Самых спокойных и рассудительных казаков он выбрал еще в Байкальском острожке, с ними ходил в посольство.
Вскоре воевода Полибин отправил в Тобольск послов, а с ними Ивана Похабова и ходивших с ним в Мунгалы Дружинку Андреева, Кирюху Васильева, Сеньку Новикова. Кончался июль, надо было поторапливаться, чтобы успеть сплыть до Сургутского острога и еще подняться по Иртышу.
Первуха со Вторкой не показали обид, что остаются в Енисейском остроге без дядьки. Они соглашались пожить у Савины, поработать на заимках у ее сыновей обротчиками
111.
Воевода дал Похабову проездную грамоту с наказом всем сибирским людям прямить служилым и государевым послам, давать им кров и корма, суда и лошадей. Людям при послах наказал по кабакам не буянить, таможенных людей и ямщиков не бить.
Только в церкви, перед выходом на Кетский волок, Похабов встретил монаха Герасима в коротковатом подряснике. Как они расстались возле струга, так и разошлись по разным сторонам. У монаха была своя власть, неподотчетная воеводе.
— Грешен! — завздыхал Иван, кланяясь старому товарищу. — Не удалось побывать на могиле старца Тимофея. Тебя увидел, только и вспомнил о нем.
После исповеди и причастия Иван простился с Савиной и племянниками. На трех подводах с четырьмя послами, тремя казаками охраны да с черным дьяконом он двинулся знакомой дорогой к Маковскому острогу.
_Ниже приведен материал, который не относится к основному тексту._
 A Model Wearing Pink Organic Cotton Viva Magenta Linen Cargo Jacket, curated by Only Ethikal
С тех времен как оставил его, острог не расстраивался, разве был местами подновлен. Все ветшало: и амбары, и гостиный двор. Дела велись ни шатко ни валко. Управлял острожком сын боярский Богдан Болкошин — вологжанин. Он же был на приказе в Дубчевской слободе. Жаловался, что не успевает быть там и здесь. Как Иван в молодости, рвался на дальние службы, а замены ему не было.
— Будет! — пообещал Похабов. — Сам напрошусь у старших воевод.
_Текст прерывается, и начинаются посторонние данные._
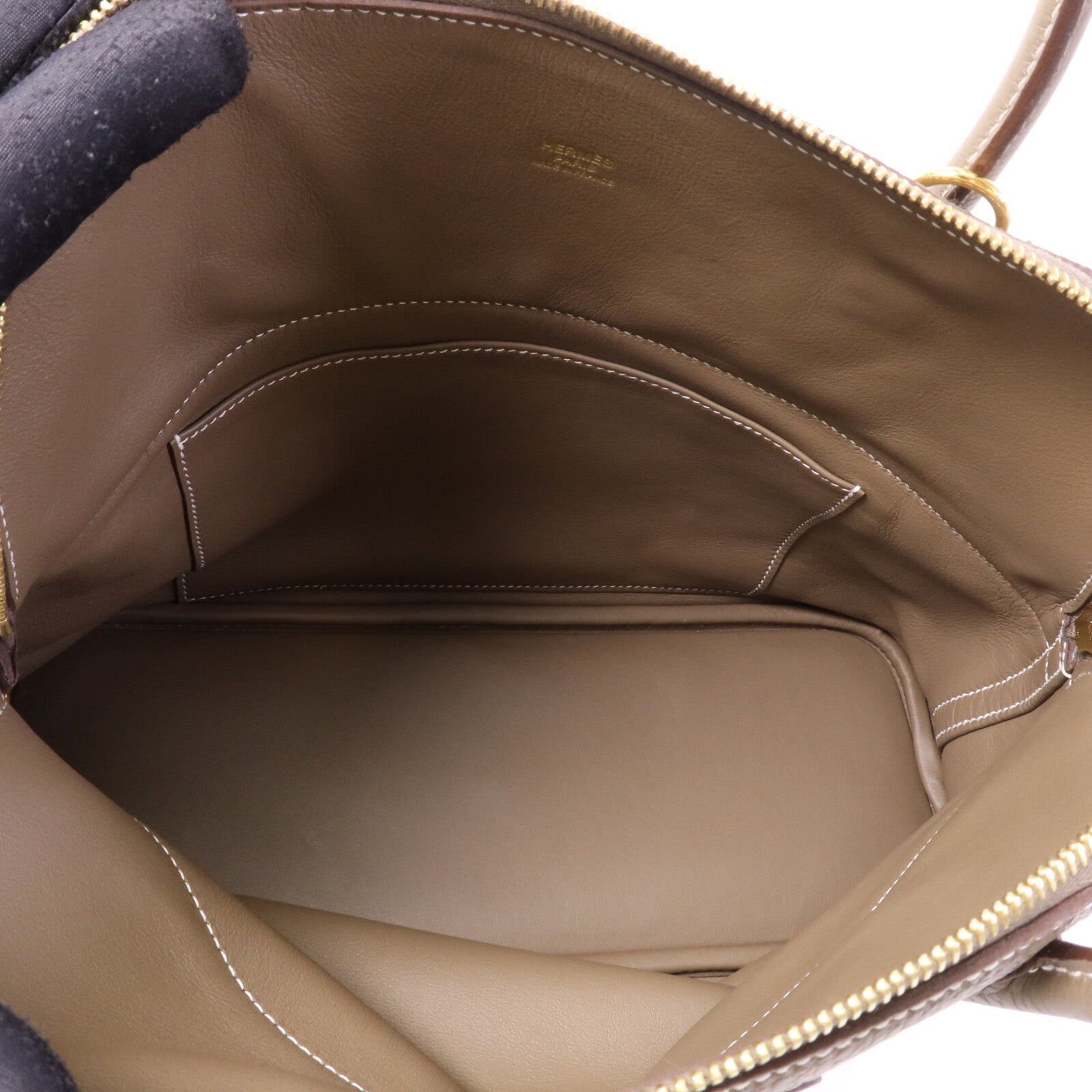 HERMES Clemence皮革Bolide 31金扣手挽肩背兩用袋Etoupe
Богдан выспрашивал о Байкале и Селенге, о походе в Мунгалы. Простодушно охал и завидовал тем, кто голодал в засеках, отбивался от враждебных народов, на прощанье дал казакам с послами самый добрый струг, сушеного мяса и ржи в дорогу.
В Тобольск Иван Похабов добрался за четыре недели.
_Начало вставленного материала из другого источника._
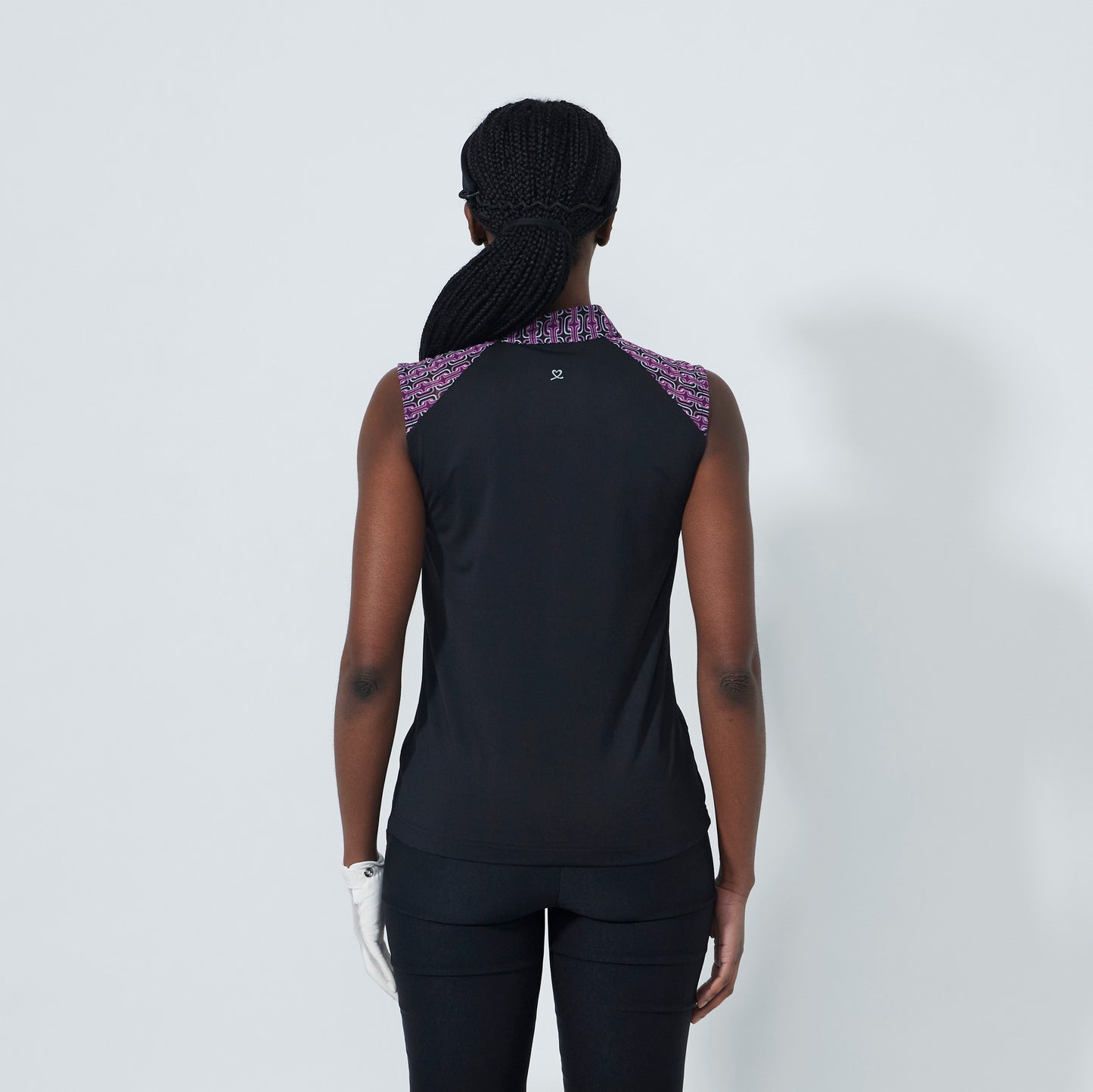Daily Sports Abstract Fusion Black Gathered Sleeveless Polo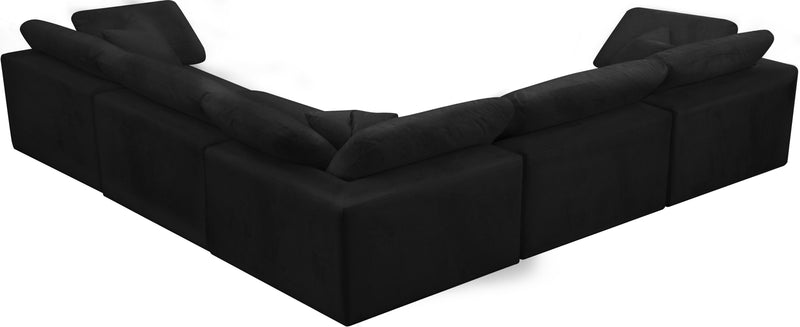 Cozy Black Velvet Cloud Modular Sectional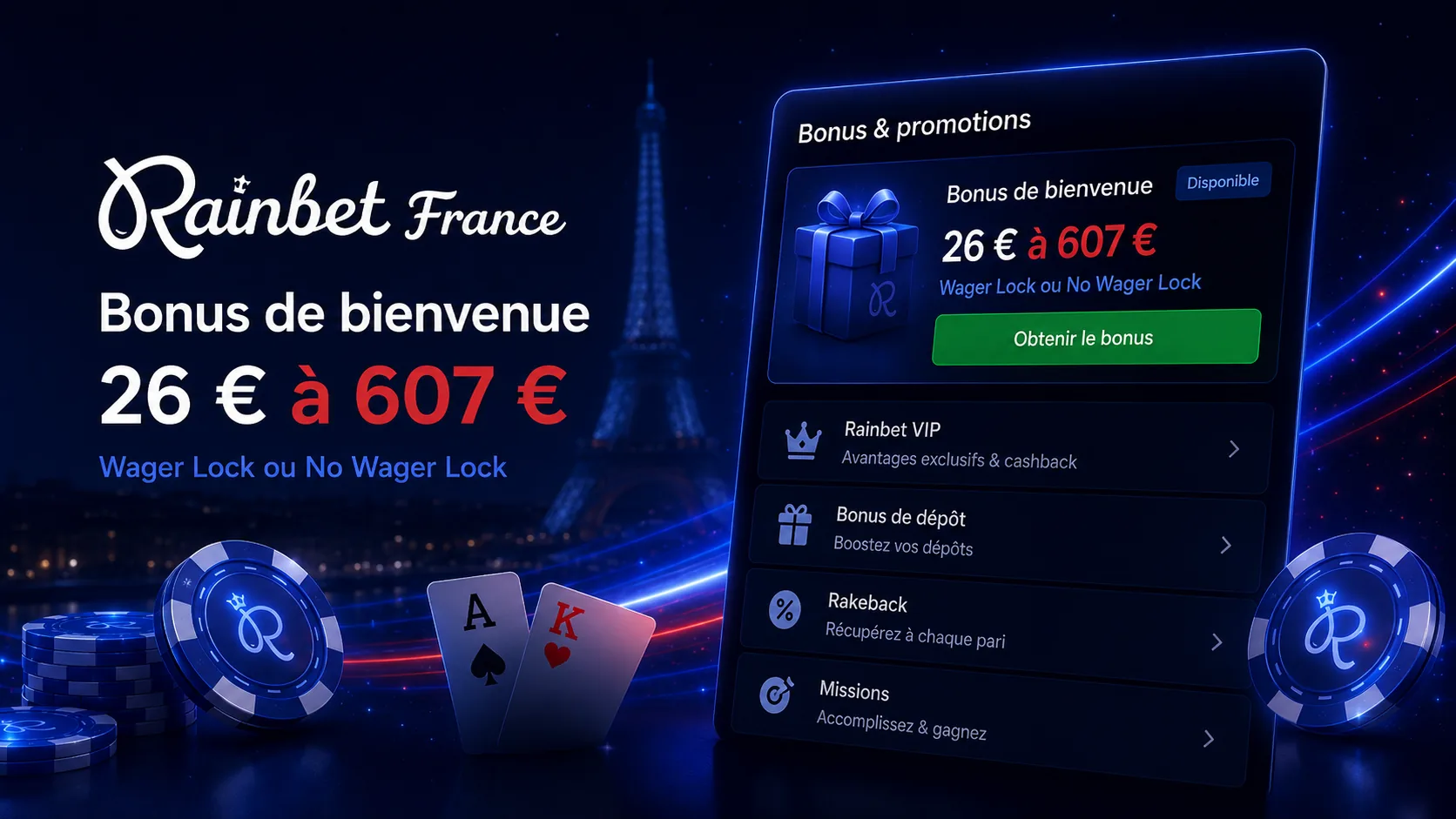 Panneau Rainbet bonus de bienvenue et free spins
— Что везем? — со скучающим видом спросил у него казак на причале. Заметив в струге монаха, равнодушно скинул шапку, кивнул. При виде богато одетых нехристей оживился.
— А вот я по дурной башке-то тресну, — незлобиво пригрозил енисейский сын боярский, — все сразу поймешь! — А ну, бегом к воеводе! Доложи: послов мунгальского царя к нашему царю везем!
Казак плутовато повел бровями, крякнул, хмыкнул и быстрым шагом стал подниматься к верхнему городу. Пока енисейцы вытаскивали из струга царские подарки, меха и пожитки, скитник Герасим положил обетное число поклонов на купола Софии и незаметно, как в Енисейском, пропал из виду.
Струг окружили ярыжники, стали прицениваться к соболям и лисам на одежде казаков, просили показать рухлядь, навязчиво назначали цену и уверяли, что дороже не продать. Иван только досадливо отмахивался от них. Дружинка с Кирюхой со смехом торговались. Семейка покрикивал, отталкивая чужаков от струга и от мунгал.
К пристани спускались тобольские сыны боярские в окружении десятка казаков. Иван сбил шапку на ухо, с важным видом назвался, представил им послов и протянул подьячему верительную грамоту енисейского воеводы.
Сдав послов и их подарки, енисейцы, в сопровождении все того же курносого таможенника, стали подниматься в съезжую избу. Пожитки их остались в струге, под охраной престарелого казака.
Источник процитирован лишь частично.